On 07/18/2018 03:32 AM, Swati Sharma wrote:
> Hi All,
> Significant performance improvement with the patch we have observed for SPECJBB2015:
> Tested the specjbb2015 with patch on EPYC( 8 NUMA nodes configuration )
> Case 1 : Performance On 1 NUMA Node MultiJVM 1 Group Run (numactl --cpunodebind=0 --membind=0)
>     Max-jOPS         Critical-jOPS
>    +27.59%             +260%                     (As base memory without patch is 1/8 of Total, heap size impacts Critical -jOPS)
> Case 2 : Performance on 2 NUMA Nodes Composite Run (numactl --cpunodebind=0,7 --membind=0,7)
>    Max-jOPS          Critical-jOPS
>     +10.35%             +9.89%
> If more information is required for different configurations on EPYC, Please let me know.
> Thanks,
> Swati Sharma
> Software Engineer -2 at AMD
> On Thu, Jul 12, 2018 at 3:36 AM, Gustavo Romero <gromero at linux.vnet.ibm.com <mailto:gromero at linux.vnet.ibm.com>> wrote:
>     Hi,
>     I concur with Derek about the impact on the GC.
>     I can't comment about the impact on the container context.

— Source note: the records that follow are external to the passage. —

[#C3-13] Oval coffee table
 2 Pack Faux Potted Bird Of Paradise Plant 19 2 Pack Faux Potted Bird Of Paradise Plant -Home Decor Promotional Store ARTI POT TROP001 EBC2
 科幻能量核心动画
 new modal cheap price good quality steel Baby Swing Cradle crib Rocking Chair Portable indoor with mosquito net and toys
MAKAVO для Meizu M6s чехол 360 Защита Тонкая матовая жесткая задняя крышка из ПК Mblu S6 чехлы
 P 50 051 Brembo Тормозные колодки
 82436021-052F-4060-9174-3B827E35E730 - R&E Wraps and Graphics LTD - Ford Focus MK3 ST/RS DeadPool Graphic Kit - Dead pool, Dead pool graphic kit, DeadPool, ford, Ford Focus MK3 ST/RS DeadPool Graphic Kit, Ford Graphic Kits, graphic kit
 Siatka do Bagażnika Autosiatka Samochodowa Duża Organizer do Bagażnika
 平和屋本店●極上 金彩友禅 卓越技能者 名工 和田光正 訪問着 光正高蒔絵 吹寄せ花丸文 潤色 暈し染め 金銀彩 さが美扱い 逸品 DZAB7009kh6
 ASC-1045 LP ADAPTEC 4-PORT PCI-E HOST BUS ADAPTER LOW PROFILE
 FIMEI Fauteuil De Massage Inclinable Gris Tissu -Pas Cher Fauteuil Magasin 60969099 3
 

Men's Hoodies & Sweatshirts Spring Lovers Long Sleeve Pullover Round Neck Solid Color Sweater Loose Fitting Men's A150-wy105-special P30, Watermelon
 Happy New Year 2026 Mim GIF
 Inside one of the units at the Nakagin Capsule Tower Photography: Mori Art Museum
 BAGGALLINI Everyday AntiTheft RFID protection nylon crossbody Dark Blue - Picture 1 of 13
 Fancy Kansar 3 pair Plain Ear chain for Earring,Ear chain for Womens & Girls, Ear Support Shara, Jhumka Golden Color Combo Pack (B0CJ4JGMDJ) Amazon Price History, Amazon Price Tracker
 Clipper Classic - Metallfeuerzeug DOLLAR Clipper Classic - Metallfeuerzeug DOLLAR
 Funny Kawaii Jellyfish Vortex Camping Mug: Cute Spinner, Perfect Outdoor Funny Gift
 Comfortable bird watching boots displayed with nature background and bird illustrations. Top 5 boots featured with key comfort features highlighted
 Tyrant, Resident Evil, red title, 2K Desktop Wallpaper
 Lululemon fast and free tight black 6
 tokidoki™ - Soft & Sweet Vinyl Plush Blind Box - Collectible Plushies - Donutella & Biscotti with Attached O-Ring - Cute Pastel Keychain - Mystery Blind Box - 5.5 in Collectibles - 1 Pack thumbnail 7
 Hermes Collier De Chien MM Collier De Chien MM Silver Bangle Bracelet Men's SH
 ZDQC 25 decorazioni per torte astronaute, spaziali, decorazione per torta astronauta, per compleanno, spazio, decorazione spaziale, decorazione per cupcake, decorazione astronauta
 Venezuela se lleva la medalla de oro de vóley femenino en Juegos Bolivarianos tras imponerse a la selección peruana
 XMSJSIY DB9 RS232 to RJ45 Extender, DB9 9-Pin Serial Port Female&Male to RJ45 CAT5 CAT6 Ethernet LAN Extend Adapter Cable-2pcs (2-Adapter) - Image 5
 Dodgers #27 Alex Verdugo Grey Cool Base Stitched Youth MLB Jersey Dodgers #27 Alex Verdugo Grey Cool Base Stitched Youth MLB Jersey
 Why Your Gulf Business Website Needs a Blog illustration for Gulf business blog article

>     I can try to take additional performance numbers on that, if that helps to
>     define the priority (is there any available?).
>     Prakash, Swati,
>     It's not necessary to stop improving the JVM NUMA support. jdk/jdk (JDK 12)
>     repository is open and the next changes can go there normally, i.e. even if
>     8189922 is not able to get into JDK 11 (jdk/jdk11), it can go into jdk/jdk and
>     so we move on. Also I don't think it's possible to get the additional changes
>     into JDK 11 anyway.
>     On the other hand, since 11 is LTS, I _think_ that OpenJDK 11 LTS will be open
>     for updates after the GA and so it's possible to request the backports, as
>     Dalibor [1] says: "[After September 2018] Oracle plans to initiate and
>     contribute to the development JDK 11 Updates with this OpenJDK Project in due
>     course."
>     Best regards,
>     Gustavo
>     [1] http://mail.openjdk.java.net/pipermail/jdk-updates-dev/2018-May/000128.html <http://mail.openjdk.java.net/pipermail/jdk-updates-dev/2018-May/000128.html>
>     On 07/11/2018 01:46 AM, Raghavendra, Prakash wrote:
>         Apart from the impact on EPYC (with large memory), we have also have identified a few fixes on top of this, which is waiting for this to go. The one which is very essential is the case when GC is triggered prematurely when one of the lgrps is full, the fix is to see if we can try and allocate on another closest (in terms of latencies) lgrps, instead.
>         Thanks
>         Regards
>         Prakash
>         -----Original Message-----
>         From: White, Derek [mailto:Derek.White at cavium.com <mailto:Derek.White at cavium.com>]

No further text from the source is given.